Today's surviving dhrupad traditions are descendants of the aforementioned four styles.
- Dagar gharana, founded by the Dagar family
- Bishnupur gharana, founded by Kirtankars in West Bengal (13th century)
- Darbhanga gharana, founded in Darbhanga, Bihar
- Dumraon Gharana, Buxar, Bihar founded by Dumraon Maharaj, and musician Pandit Ghanarang Dubey
- Bettiah gharana, founded in Bettiah, Bihar
- Talwandi gharana
- Mewati gharana, founded by Wahid Khan (Beenkar) and Ghagge Nazir Khan. Descended from Khandarbani gharana.
- Kalpi gharana

====Thumri traditions====
In the Benares gharana, the words in the text of a song are musically embellished to bring out their meaning, while the Lucknow gharana presents intricately embellished and delicate thumris that are explicit in their eroticism. The principal feature of the thumri of the Patiala gharana is its incorporation of the tappa from the Punjab region. It is with this tappa element that the Patiala gharana makes its impact, departing from the khyal-dominated Benares thumris and the dance-oriented Lucknow thumris. The Benares gharana was founded by Kirtankars in the 13th century and revived by Siddheshwari Devi, Rasoolan Bai, Badi Moti Bai, Mahadev Mishra, Girija Devi (mid-20th century) and Savita Devi.

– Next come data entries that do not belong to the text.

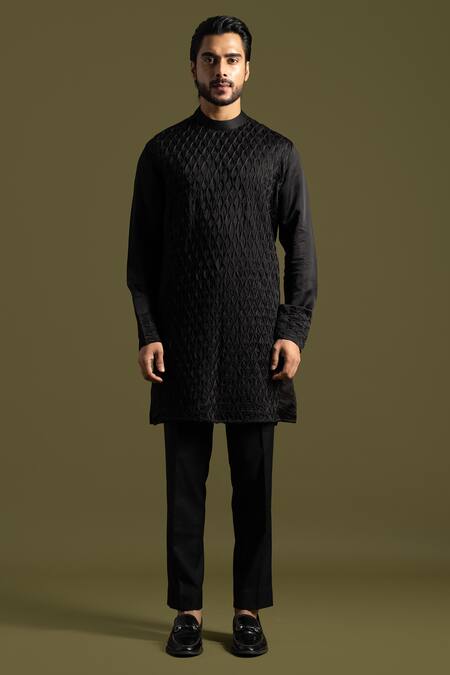 Buy_PAARSH_Black Cotton, Linen, Satin Waffle Smock Kurta With Trouser 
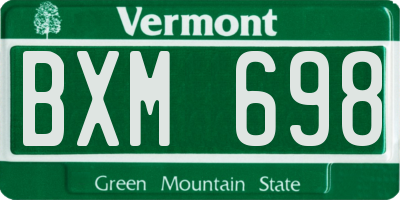 VT license plate BXM698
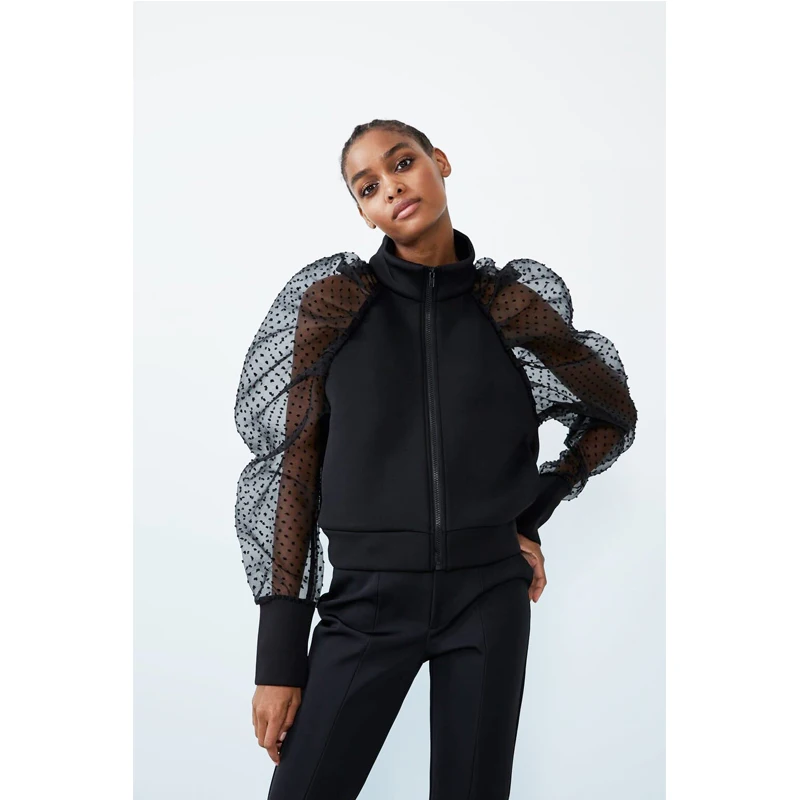 Женское Сетчатое пальто Meihuida осеннее в горошек с длинными рукавами фонариками и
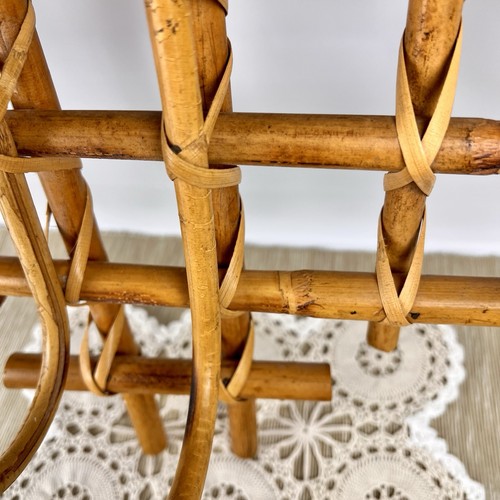 Vintage Mid Century Rattan Bamboo Tortoise Siz Hook Wall Coat Rack - Picture 2 of 4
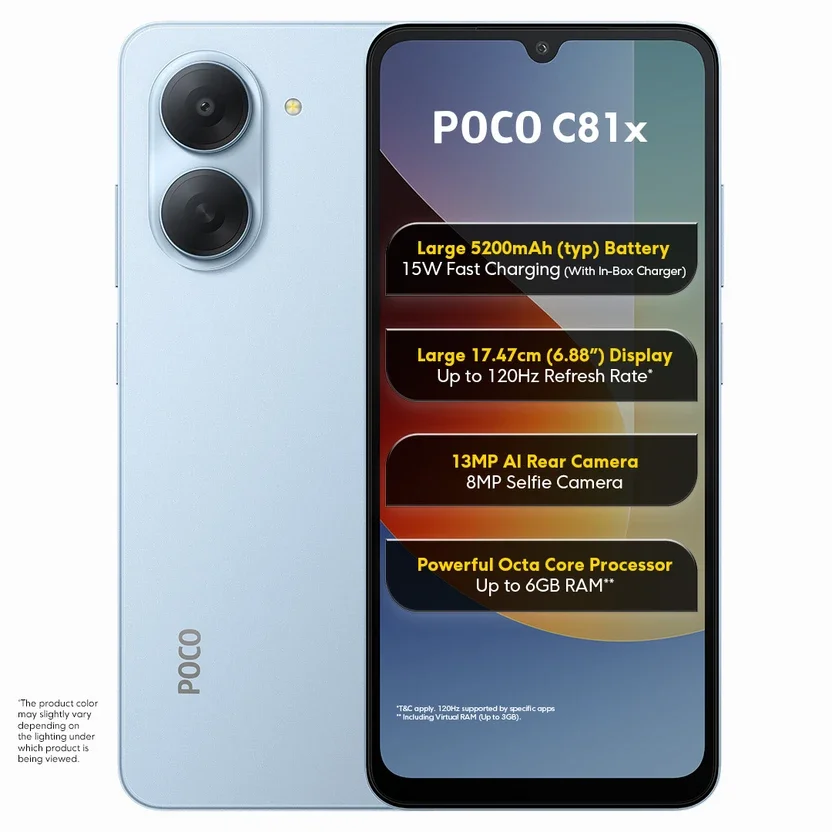 POCO C81x (Ice Blue, 64 GB) = Sealed Pack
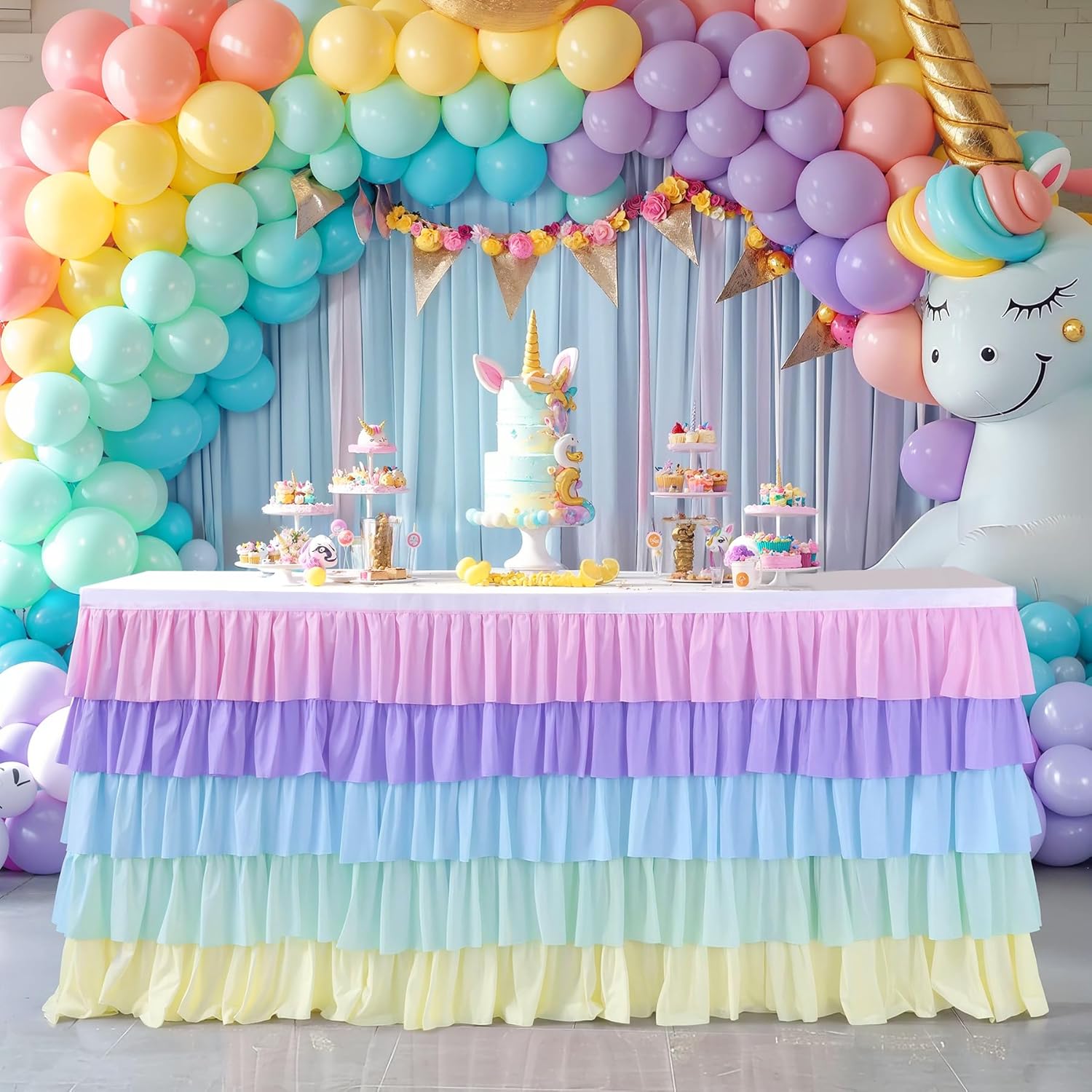 Falda de mesa tutú de unicornio arcoíris de 9 pies para mesas redondas rectangulares, mantel de gasa para decoración de fiesta de cumpleaños de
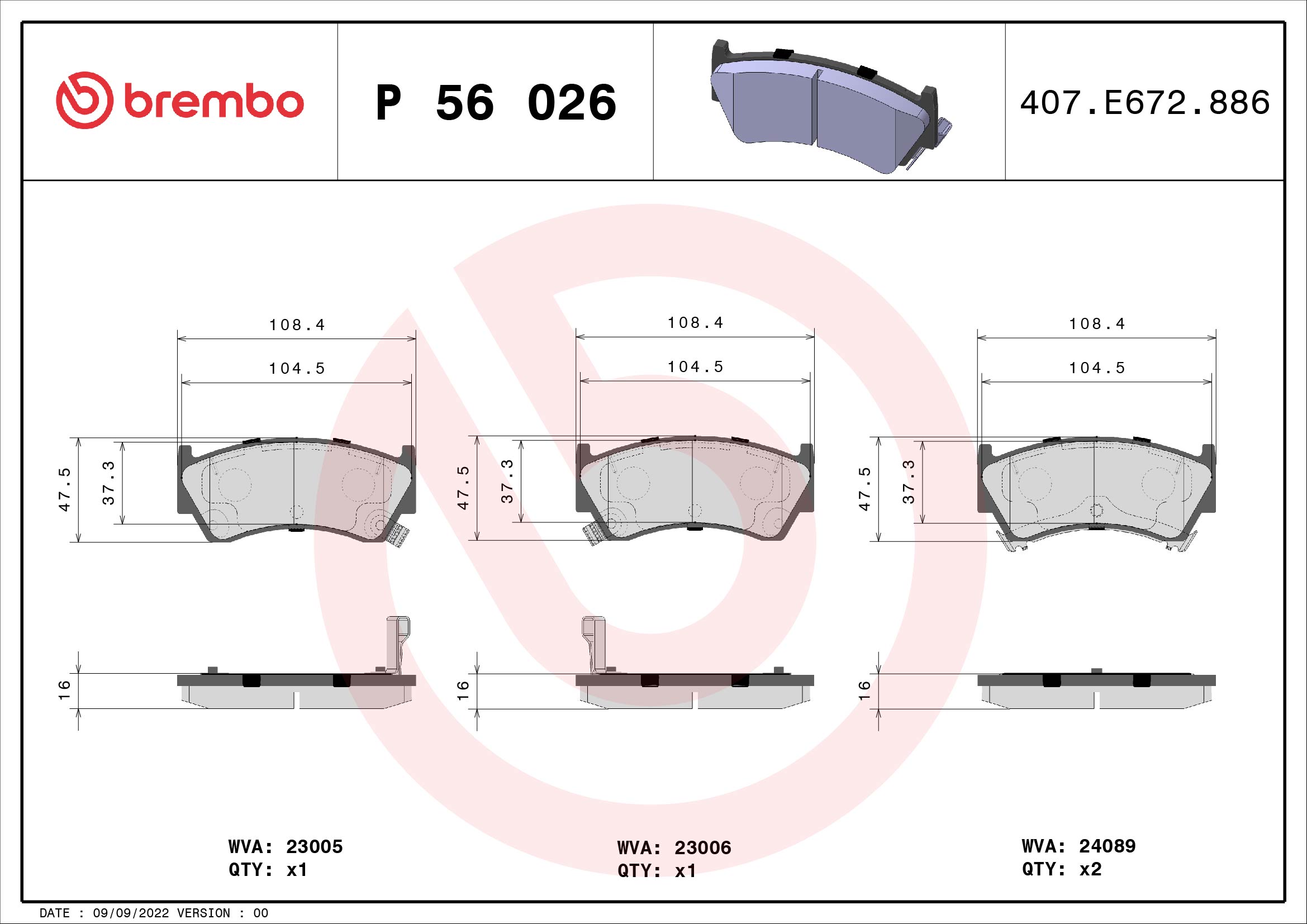 Jeu de 4 plaquettes de frein BREMBO ref. P 56 026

===Instrumental traditions===

====Tabla traditions====
The following are the six widely accepted gharanas (ordered based on chronology of founding):
- Delhi gharana is the oldest of the tabla gharanas
- Ajrara gharana is an offshoot of and closely associated with the Delhi Gharana
- Lucknow gharana has rhythmic development through Kathak
- Benares gharana
- Punjab gharana, popularized by Alla Rakha and Zakir Husain, developed through its original Pakhavaj repertoire
- Farrukhabad gharana is the youngest accepted tabla gharana, and an offshoot of all of the Gharanas, featuring their main concepts

| Gharana | Founding artists | Approximate founding date | Founding location | Famous exponents |
|---|---|---|---|---|
| Delhi gharana | Siddhar Khan | Early 18th century | Delhi | Ghami Khan, Imam Ali Khan, Munnu Khan, Latif Ahmed Khan, Shafaat Ahmed Khan |
| Ajrara gharana | Kallu Khan, Miru Khan | Early 19th century | Ajrara | Habibuddin Khan, Mehboob Hussain Khan, Sudhirkumar Saxena, Manju Khan, Yusuf Khan, Ramjan Khan, Sarwar Sabri, Akram Khan |
| Lucknow gharana | Miyan Bakshu | 19th century | Lucknow | Ilmas Hussain Khan, Timir Roy Chowdhury, Achchan Maharaj, Anil Bhattacharjee, Biswajit Bhattacharjee, Santosh Biswas, Swapan Chaudhuri, Faiyaz Khan |
| Benares gharana | Ram Sahai | Late 18th century | Benares | Ram Sahai, Kanthe Maharaj, Anokhelal Mishra, Shamta Prasad, Kishen Maharaj, Mahapurush Mishra, Kumar Bose, Ananda Gopal Bandopadhyay, Samar Saha, Sandeep Das |
| Farrukhabad gharana | Haji Vilayat Ali Khan | 19th century | Farrukhabad | Ustad Amir Hussain Khan, Masit Khan, Ahmedjan Thirakwa, Jnan Prakash Ghosh, Keramatullah Khan, Kanai Dutta, Shyamal Bose, Shankar Ghosh, Anindo Chatterjee, Bickram Ghosh |
| Punjab gharana | Miyan Qader Baksh | 19th century | Punjab | Qadeer Buksh, Shaukat Hussein Khan, Alla Rakha Khan, Zakir Hussain, Yogesh Samsi, Abdul Sattar Tari Khan |

====Sitar traditions====
- Etawah gharana
- Maihar gharana
- Senia gharana
- Indore gharana (Beenkar gharana)
- Jaipur-Atrauli gharana
- Mewati gharana

====Sarod traditions====
- Senia-Maihar gharana
- Senia-Shahjahanpur gharana
- Lucknow-Shahjahanpur gharana
- Senia-Bangash gharana

====Other instruments====
- Bishnupur gharana (Dhrupad, Rudra Veena, Sitar, Esraj)
- Sopori-Sufiana Gharana (Santoor)

===Dance traditions===

In Kathak performers today generally draw their lineage from four major schools of Kathak: the Jaipur-Atrauli gharana, the Lucknow dance gharana, the Benares gharana (born in the courts of the Kachwaha Rajput kings, the Nawab of Oudh, and Varanasi respectively.) and the Raigarh gharana (born in the court of Maharaja Chakradhar Singh of Raigarh.)

The Lucknow gharana remains the most popular throughout the country. However, in recent time the Atrauli-Jaipur gharana has caught up and today most performers throughout India perform techniques belonging to both styles. With amalgamation of the techniques and poses from other dance forms, the purity of the movements and gestures may be diluted or modified along with the contemporary trends. Raigarh gharana is famous for its own distinctive composition and thousands of followers.